Stay with me here, I promise it’s relevant.

You see, the violet sea snail survives by floating around the ocean. Snails don’t float so, this smarty pants mollusk constructs a raft. The snail blows a bunch of bubbles, scoops them all up in one divine collection, and forms a raft. If it loses its raft it risks sinking and dying. It is quite literally a life raft.

Those who know me personally or have followed the path of my career for a while know that I wasn’t always doing the work I’m doing today. My entrepreneurial journey started out in the world of wedding photography, and for a decade that’s what I did. I recently decided to make the ultra tough decision to walk away from that business. You can read my farewell letter here.

The decision to walk away from something that had been such a massive part of my life was tricky not because I couldn’t decide if it was the right thing to do. On the contrary, I felt a strong sense of peace about the decision, and it actually felt good to be able turn away leads and send these brides and grooms over to some of my amazingly talented photographer friends. The choice was hard because it felt like I was leaving an important piece of myself behind.

I feared that without the seasonally steady stream of couples coming through my door on their journey toward wedded bliss, that photography, something I am so greatly passionate about, would disappear from my radar. Without my wedding clientele, I’d have no excuse to keep going, and no real reason to grant myself the title, “Photographer” anymore.

I spent a lot of time reflecting before I made a formal and public proclamation of where things are headed for me and my biz, and what I found in that thought process reminded me of a John Steinbeck quote I heard: “Nothing good gets away.”
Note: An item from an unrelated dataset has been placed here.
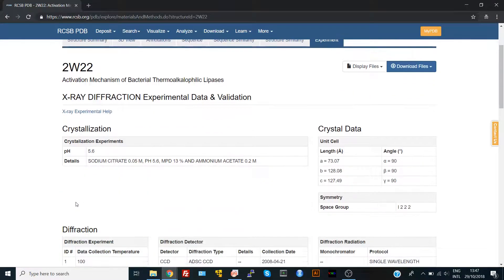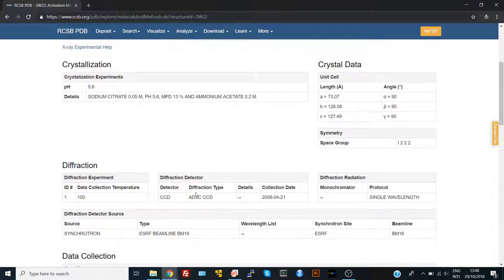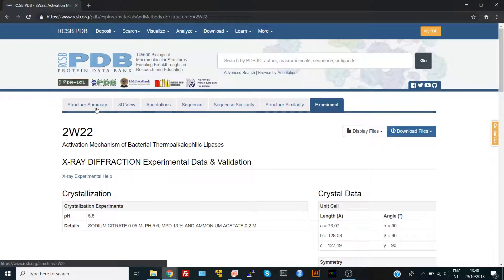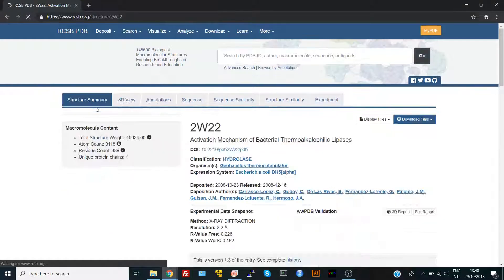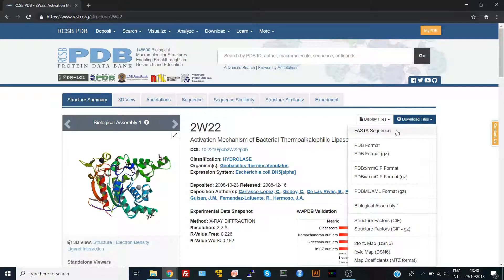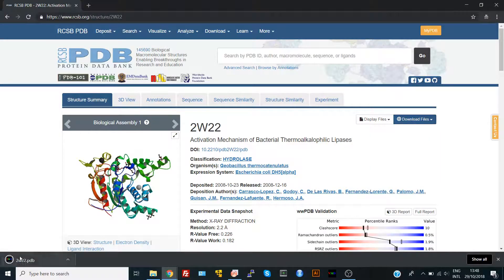You can find the conditions for experimental crystallization of this protein if you are interested in crystallization. But if you are interested in computational work and only want the PDB structure to run simulations or do calculations, you go back to the structure summary main page, click 'Download Files', select PDB format, and there we have our structure. Thank you.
It’s true right? When it comes to life and our experiences and who we are, we pack up and take each phase before with us onto the next thing. We never truly say goodbye to anything fully. Once it’s there pressed upon our hearts, little pieces of it will always be there, and we can decide how much of it we want to keep carrying with us depending on how heavy we decide it feels. Heartache and anxiety? Bleh, maybe leave that one on the curb. Nostalgia and wisdom? I’ve got room for those, I’ll bring them with me.

Photography is a big part of my life raft. It calms me when stressed, provides a creative outlet like nothing I’ve ever experienced, and provides a warm sense of connection to people that design simply never will for me.

So that’s why this site is here. To remind me that I can be more than one thing at a time. That if something keeps me floating, it’s worth keeping around. That I don’t need to worry so much about titles and having a perfectly organized personal brand. That I have permission to be whoever I need to be today.

If this is your first time here, welcome to my life raft; my personal hodge dodge of bubbles collected on my way. I hope you’ll stick around and ride out the tide with me.